Dalai Lama: Behind Our Anxiety, the Fear of Being Unneeded
NYTimes OpEd by H.H. The Dalai Lama & Arthur C. Brooks, 11/4/2016
Reflection by Mary E. Latela 7/9/2017
This elegant op-ed piece is like a strong tonic, needed to build up the rather dismal attitude of so many, particularly persons who are elderly, that they are not needed anymore. The result of research is that people who do not feel needed die prematurely. And if they survive, they do not feel joy in every day.
His Holiness explains: “Being needed does not entail selfish pride or unhealthy attachment to the worldly esteem of others. Rather, it consists of a natural human hunger to serve our fellow men and women. As the 13th-century Buddhist sages taught, ‘If one lights a fire for others, it will also brighten one’s own way.’”

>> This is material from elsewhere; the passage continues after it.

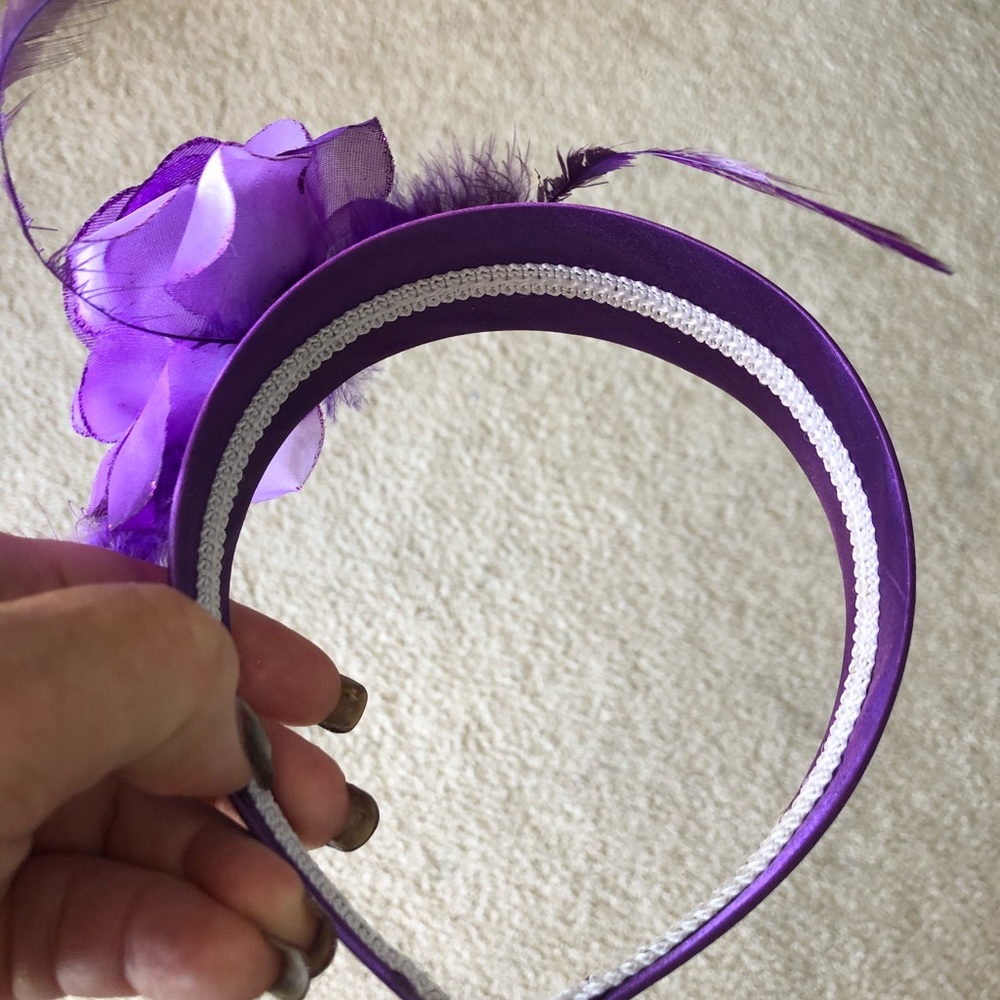 Purple flower headband - Picture 4 of 4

How do we counter this dangerous feeling? We choose to help others. We choose to do what we can – even if that is limited – to bring compassion and forgiveness and courage to this busy world. It has to work both ways. I recall my own aunts reaching exhaustion by trying to take care of everyone else’s needs and not attending to their own real, legitimate needs for comfort, rest, appreciation …. an occasional cup of tea.

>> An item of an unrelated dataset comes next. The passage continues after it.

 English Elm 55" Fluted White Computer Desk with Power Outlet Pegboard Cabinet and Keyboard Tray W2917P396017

As we approach those years when it is harder to do everything we used to do, or harder to do very strenuous tasks, it is wonderful and just and perfect to know that others share their love and compassion with us.
The Dalai Lama notes: “Many are confused and frightened to see anger and frustration sweeping like wildfire across societies that enjoy historic safety and prosperity. But their refusal to be content with physical and material security actually reveals something beautiful: a universal human hunger to be needed. Let us work together to build a society that feeds this hunger.”